La banque Credit Suisse a été inculpée, lundi 19 mai, pour avoir incité des contribuables américains à échapper au fisc en ouvrant des comptes secrets en Suisse. Dans ce cadre, elle a été contrainte par les autorités américaines à plaider coupable pour éviter un procès. Il s'agit d'une première depuis 1989, lorsque la banque Drexel Burnham Lambert avait été également obligé de plaider coupable.
Le couperet est tombé alors que, ces dernières années, il était reproché à la justice américaine de ne pas avoir été suffisamment sévère avec les banques dans la foulée de la crise financière, considérées comme « too big to jail », trop grosses pour être véritablement être inquiétées sur le plan judicaire.
Credit Suisse est accusé d'avoir conseillé et aidé certains de ses riches clients américains à établir des « déclarations fiscales tronquées » et échapper ainsi au fisc américain selon des documents de justice mis en ligne lundi. La banque a accepté de payer une amende de 2,6 milliards de dollars (1,9 milliard d'euros).

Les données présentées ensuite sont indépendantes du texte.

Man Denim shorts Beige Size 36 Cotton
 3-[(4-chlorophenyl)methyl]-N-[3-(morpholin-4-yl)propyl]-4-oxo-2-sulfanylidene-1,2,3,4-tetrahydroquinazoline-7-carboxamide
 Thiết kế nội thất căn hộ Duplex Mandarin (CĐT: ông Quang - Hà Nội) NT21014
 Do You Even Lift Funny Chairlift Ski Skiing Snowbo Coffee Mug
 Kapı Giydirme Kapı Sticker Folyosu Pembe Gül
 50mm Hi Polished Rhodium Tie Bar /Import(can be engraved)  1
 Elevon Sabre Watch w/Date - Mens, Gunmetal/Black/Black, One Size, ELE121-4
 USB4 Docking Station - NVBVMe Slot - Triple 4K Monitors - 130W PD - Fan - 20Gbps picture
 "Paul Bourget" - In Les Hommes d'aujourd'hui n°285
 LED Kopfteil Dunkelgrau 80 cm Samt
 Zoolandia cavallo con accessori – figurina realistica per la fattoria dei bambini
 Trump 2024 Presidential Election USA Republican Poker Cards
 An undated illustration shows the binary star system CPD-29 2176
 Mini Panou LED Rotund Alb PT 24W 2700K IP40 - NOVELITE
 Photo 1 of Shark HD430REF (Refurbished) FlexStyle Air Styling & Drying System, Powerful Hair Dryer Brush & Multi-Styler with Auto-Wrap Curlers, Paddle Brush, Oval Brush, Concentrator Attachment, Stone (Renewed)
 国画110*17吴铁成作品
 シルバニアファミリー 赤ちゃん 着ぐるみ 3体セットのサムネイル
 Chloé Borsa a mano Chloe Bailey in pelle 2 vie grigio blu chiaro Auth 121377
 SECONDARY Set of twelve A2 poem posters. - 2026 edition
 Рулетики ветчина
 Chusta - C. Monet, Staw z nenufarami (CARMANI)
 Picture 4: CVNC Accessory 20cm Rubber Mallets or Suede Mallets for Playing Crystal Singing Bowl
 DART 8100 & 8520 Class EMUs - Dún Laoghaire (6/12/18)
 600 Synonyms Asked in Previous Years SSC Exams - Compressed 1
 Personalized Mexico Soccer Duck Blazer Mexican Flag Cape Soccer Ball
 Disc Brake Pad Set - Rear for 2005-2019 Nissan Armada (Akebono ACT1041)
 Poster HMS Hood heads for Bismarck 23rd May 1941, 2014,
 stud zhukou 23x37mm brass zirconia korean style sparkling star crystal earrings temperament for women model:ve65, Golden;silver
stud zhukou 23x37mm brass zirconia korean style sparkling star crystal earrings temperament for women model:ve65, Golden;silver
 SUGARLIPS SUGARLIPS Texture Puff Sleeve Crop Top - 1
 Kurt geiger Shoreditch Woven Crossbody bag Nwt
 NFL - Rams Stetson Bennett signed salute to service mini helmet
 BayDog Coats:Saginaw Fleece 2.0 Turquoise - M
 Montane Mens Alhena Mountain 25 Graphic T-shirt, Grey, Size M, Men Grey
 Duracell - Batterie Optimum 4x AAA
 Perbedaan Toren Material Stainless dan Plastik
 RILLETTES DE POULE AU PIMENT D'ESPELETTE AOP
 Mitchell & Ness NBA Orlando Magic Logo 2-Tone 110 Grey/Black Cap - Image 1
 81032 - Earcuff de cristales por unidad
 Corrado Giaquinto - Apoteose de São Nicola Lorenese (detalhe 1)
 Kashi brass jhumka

LIMITER L'IMPACT DE LA DÉCISION
L'amende se décompose en 1,8 milliards de dollars pour le Département américain de la Justice, dont 196 millions pour la Securities and Exchange Commission (SEC). Un tiers de cette somme est alloué au fisc américain (IRS, Internal Revenue Service). Restent 715 millions qui seront versés au département des services financiers de l'Etat de New York (DFS) et 100 millions pour le Conseil des gouverneurs de la Réserve fédérale des Etats Unis. Par ailleurs, deux filiales de Crédit Suisse font également l'objet d'une plainte pénale.
Toutefois la Réserve fédérale, le Département des services financiers de New York et les procureurs ont pris des mesures pour limiter l'impact de la décision de plaider coupable. Credit suisse devrait ainsi échapper à un retrait de sa licence bancaire, qui l'empêcherait de poursuivre ses activités aux Etats-Unis.
Le Conseil fédéral suisse a exprimé mardi sa « satisfaction » de voir se terminer ce conflit avec les autorités américaines. La banque n'est pas le premier établissement suisse impliqué dans une affaire d'évasion fiscale. En 2009, L'Union des Banques Suisses (UBS) avait dû verser 780 millions de dollars pour échapper à des poursuites. Mais UBS n'avait pas été contrainte de plaider coupable.
LA BANQUE S'ÉTAIT MAL COMPORTÉE
La sévérité appliquée à Crédit Suisse s'explique par le peu de diligence dont a fait preuve la banque pour coopérer avec les autorités américaines. Fin février, le patron de la banque, Brady Dougan, avait été appelé à témoigner devant une Commission au Sénat américain, où il avait reconnu que la banque s'était mal comportée. Mais le sénateur démocrate Carl Levin et le Républicain John McCain avaient jugé inacceptables que Crédit Suisse ne livre que 238 noms sur les 22000 comptes ouverts en Suisse par la banque pour des clients américains.
Le montant de l'amende devrait toutefois être aisément surmontable par la banque suisse, qui a déjà provisionné 892 millions de francs suisses (729 millions d'euros). Par ailleurs, M.Dougan a annoncé « des ventes d'immeubles secondaires et d'autres actifs secondaires » en vue de ramener son ratio de solvabilité dit « Core Tier 1 » à 10 %, largement au-dessus des obligations réglementaires de Bâle III.
Les conséquences sur la réputation de la banque sont en revanche plus difficiles à évaluer. Beaucoup de fonds de pension et d'investissement se fixent en effet des règles très strictes les empêchant d'avoir des liens avec des établissements ayant plaidé coupable dans le cadre d'une procédure criminelle.
Crédit Suisse fait partie des 14 banques basées en Suisse qui sont sous le coup d'une enquête menée par le département de la justice américaine. Celui-ci les soupçonne d'avoir aidé certains clients américains à échapper à l'impôt. Dans ce cadre, plus de 43000 contribuables américains se sont fait connaître auprès de l'IRS en acceptant de payer plus de 6 milliards de dollars d'arriérés fiscaux, selon un rapport du Sénat publié en début d'année.
BNP Paribas pourrait également faire les frais de ce regain de sévérité de la part des autorités américaines. La banque française est accusée d'avoir effectué des transactions en dollars avec des pays sous embargo américain (Iran, Soudan, Cuba…). BNP Paribas risque une amende de 3,5 milliards de dollars, en cours de discussion, et pourrait à son tour être obligée de plaider coupable.